The real-time reverse primer annealing sequence (2) has four different nucleotides (A594G, T597G, A600C, and A609G) in GU391295 and GU391296, and the probe annealing sequence (2) has 1 different nucleotide (G552A); the forward primer (2) is conserved.
To confirm these results, ctrA amplification and sequencing were performed using an additional N. meningitidis serogroup C isolate, which resulted in a positive reaction in our RT-PCR assay. By sequence analysis, the ctrA amplicon of this strain showed 100% identity and lacked nucleotide substitutions compared with the ctrA gene sequences in GenBank.
These findings clearly suggest that the presence of different nucleotides in the reverse primer and probe annealing sequences caused the negative results that were obtained when our two N. meningitidis isolates were evaluated by RT-PCR of ctrA.
After the introduction of the conjugate meningococcal serogroup C vaccine by the National Vaccine Plan 2005-2007 in Italy, the need for accurate diagnosis of N. meningitidis infections to monitor the effect of vaccine efficacy has grown. Consequently, the surveillance of invasive meningococcal disease that is caused by serogroup C isolates is required, and the laboratory-based identification of N. meningitidis serogroup C strains is an integral component of this process.
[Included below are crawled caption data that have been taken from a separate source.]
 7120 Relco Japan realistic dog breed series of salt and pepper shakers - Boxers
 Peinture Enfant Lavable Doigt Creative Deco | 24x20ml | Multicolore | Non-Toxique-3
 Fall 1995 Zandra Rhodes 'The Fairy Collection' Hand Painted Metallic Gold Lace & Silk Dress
Culture-confirmed diagnosis of invasive meningococcal infections is often hampered by early antibiotic treatment, and the discrepancy between the numbers of clinically suspected and culture-confirmed cases of bacterial meningitis has prompted the development and routine application of non-culture-based methods, such as PCR, in the laboratory-based diagnosis of meningococcal infection (4, 8). One of the most frequently used PCR targets for N. meningitidis detection is ctrA (1, 3, 6), which encodes an outer membrane protein that regulates capsule transport. The ctrA gene is unique to N. meningitidis, and parts of the gene are highly conserved in all meningococcal serogroups (5).
In this report, we have described two strains of N. meningitidis serogroup C that were isolated within less than 6 months of each other from the CSF and blood, respectively, of two patients who resided in the same area (Emilia Romagna, Italy). These isolates have alternate ctrA sequences compared with published N. meningitidis sequences. The nucleotide substitutions in the ctrA gene do not modify the corresponding protein sequence, and these data are consistent with the normal expression of bacterial capsules. In both cases, ctrA mutant isolates caused typical meningococcal invasive infections, which resolved following specific antibiotic treatment.
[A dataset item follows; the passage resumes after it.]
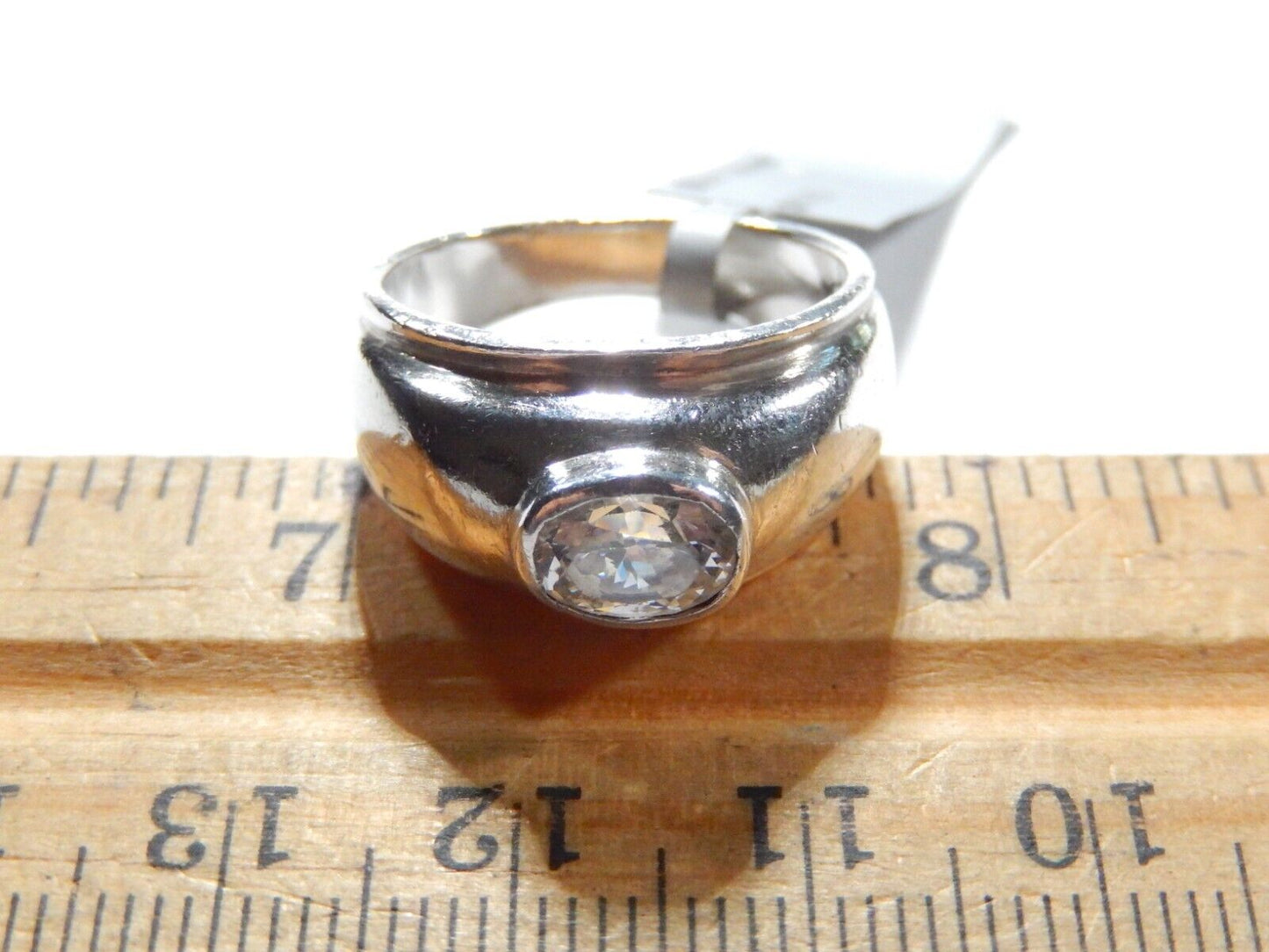 *VINTAGE*  Sterling Silver  3/4 CT Solitaire CZ Womens Dome Band/Ring: Size 7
Yet, the nucleotide substitutions in ctrA impeded the detection of these meningococcal isolates by the real-time PCR assay of Corless et al. (2). Specifically, nucleotide substitutions were identified in the primer and probe sequences. Corless et al. have recommended the use of this assay to detect N. meningitidis in clinical samples, due to its high specificity and sensitivity.
Based on our evidence, this RT-PCR method can generate false-negative results when ctrA has sequence variations. Consequently, we suggest that this assay should not be used as the sole molecular method for diagnosing N. meningitidis infections in the laboratory, unless a new set of primers that is not affected by the nucleotide substitution here described is used.
Nucleotide sequence accession numbers.
The partial ctrA sequences from this study were submitted to GenBank under accession numbers GU391295 and GU391296.
Footnotes
Published ahead of print on 2 June 2010.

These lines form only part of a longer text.